Search code examples
amazon-web-servicesamazon-ecsamazon-elb

Make ECS wait for load balancer health checks before draining old task?


I have a service in ECS. When I deploy a new version of the service's task definition, ECS adds the new task, registers it with the target-group, unregisters the old task from the target-group, and then stops the old task.

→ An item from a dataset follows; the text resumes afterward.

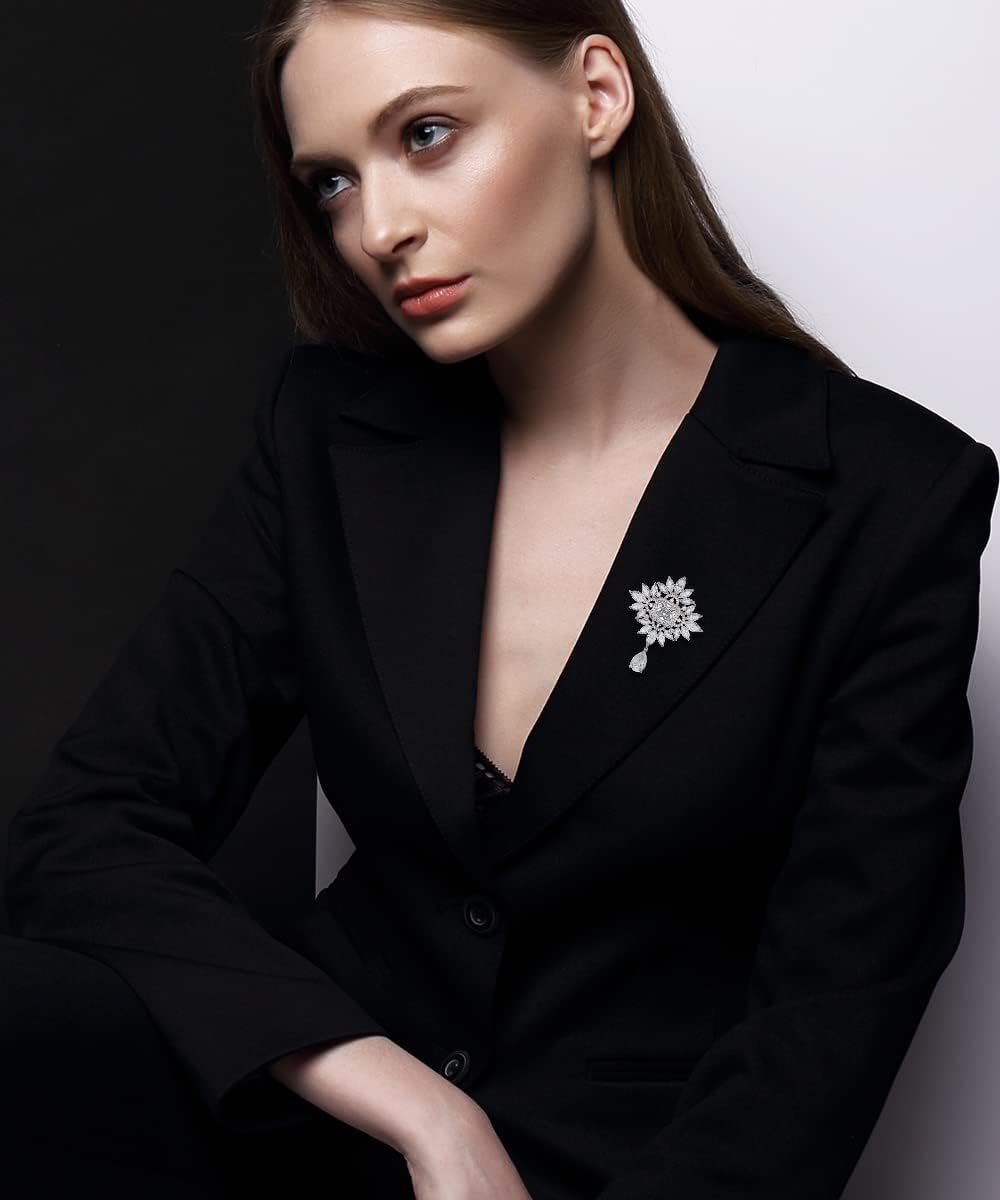 Brooches for Women, Cubic Zirconias Brooch Pins Elegant Fashionable Bouquet Pins Broach Jewelry for Wedding Party Birthday Banquet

The problem is, the new task has not had enough successful load balancer health checks to be considered healthy, so now there are no healthy targets in the target-group. 1-2 minutes later, the new task will be considered healthy by the load balancer.

To summarize:

  1. Task1 is running
  2. Push updated task definition
  3. ECS begins new deployment of service with updated task definition, creating Task2
  4. Task2 is started in Docker
  5. ECS reports that Task2 is RUNNING (because the Docker container has started)
  6. ECS registers Task2 in the target-group
  7. ECS unregisters Task1 from the target-group
  8. ECS stops Task1
  9. !!! There are no healthy targets in the target-group !!!
  10. (several minutes later) Task2 passes enough consecutive ALB health checks to be considered healthy, traffic flows as expected again

How can I avoid briefly not having any healthy targets in the target-group?


Solution

  • Please look at the available ECS Service parameters.

    Specifically, minimumHealthyPercent The default settings for minimumHealthyPercent should be preventing the behavior you describe, so I'm wondering if you have modified the default value. To prevent the behavior you are seeing I would set minimumHealthyPercent to 100.

    You should also look at the Target Group's deregistration_delay setting. You may be seeing the current behavior if you changed this setting to a low value. Or you may need to set it higher than the default value of 300 seconds.